Hans Joachim Schellnhuber is a leading member of the global-warming scientific elite:

"In 2012, he was the lead-author of a report commissioned by the World Bank on possible impacts of a 4 degrees Celsius warming towards the end of the 21st century. This report received a lot of attention worldwide. That same year, Schellnhuber presented the keynote at the gala dinner that opened the high-level segment of the world climate summit COP18 in Doha, Qatar. In the presence of UN Secretary-General Ban Ki Moon and UNFCCC's boss Christiana Figueres, a few days later Schellnhuber signed an agreement with the Qatar Foundation to jointly create a Climate change research institute in Qatar - a remarkable step as the country's wealth for decades had been based on exporting fossil fuels." [Wikipedia]

His recent 2016 co-authored paper in Nature contains the conclusions:

"moderate anthropogenic cumulative CO2 emissions of 1,000 to 1,500 gigatonnes of carbon will postpone the next glacial inception by at least 100,000 years"


"our results suggest that anthropogenic interference will make the initiation of the next ice age impossible over a time comparable to the duration of previous glacial cycles."

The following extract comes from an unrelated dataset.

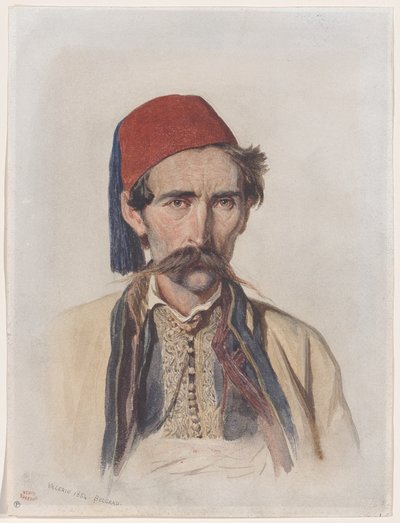 Schnurrbärtiger Slawe in Belgrad von Theodore Valerio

I would say that those consequences of an increased CO2 concentration in the atmosphere -- to the extent that the climate models can reliably be used for climate predictions -- are significant benefits to both humans and the planet, which far outweigh any negative consequences that have been projected and imagined.

Whereas it is difficult to establish a causal link between increased CO2 and any specific human suffering or environmental disaster, there can be no doubt that an ice age is a change in climate and that an ice age would be negative for life on Earth.

To be specific, there is a scientific consensus that an ice age would create large population migrations and associated political tensions possibly leading to wars, global loss of forests, a large drop in global mean surface temperature, massive loss of biodiversity over extended regions, collapse of agriculture, heightened threats to endangered species, loss of bees, perturbed migration patterns, and so on.

Few animal species would benefit from an ice age. The exceptions being cold-region animals such as polar bears.

Although fossil fuel extraction is largely motivated by state power and corporate profit, an unintended side affect may be to have postponed the certain environmental mega disaster of the next ice age, if we can believe climate modellers?

I think we should use some of the next thousand years or so to develop democracy and diplomacy tools (plenty of opportunity for development in those areas) just in case the modellers don't have all the details worked out yet and some of that unavoidable cooling starts to kick in sooner than expected. We know it's coming, modellers or no modellers.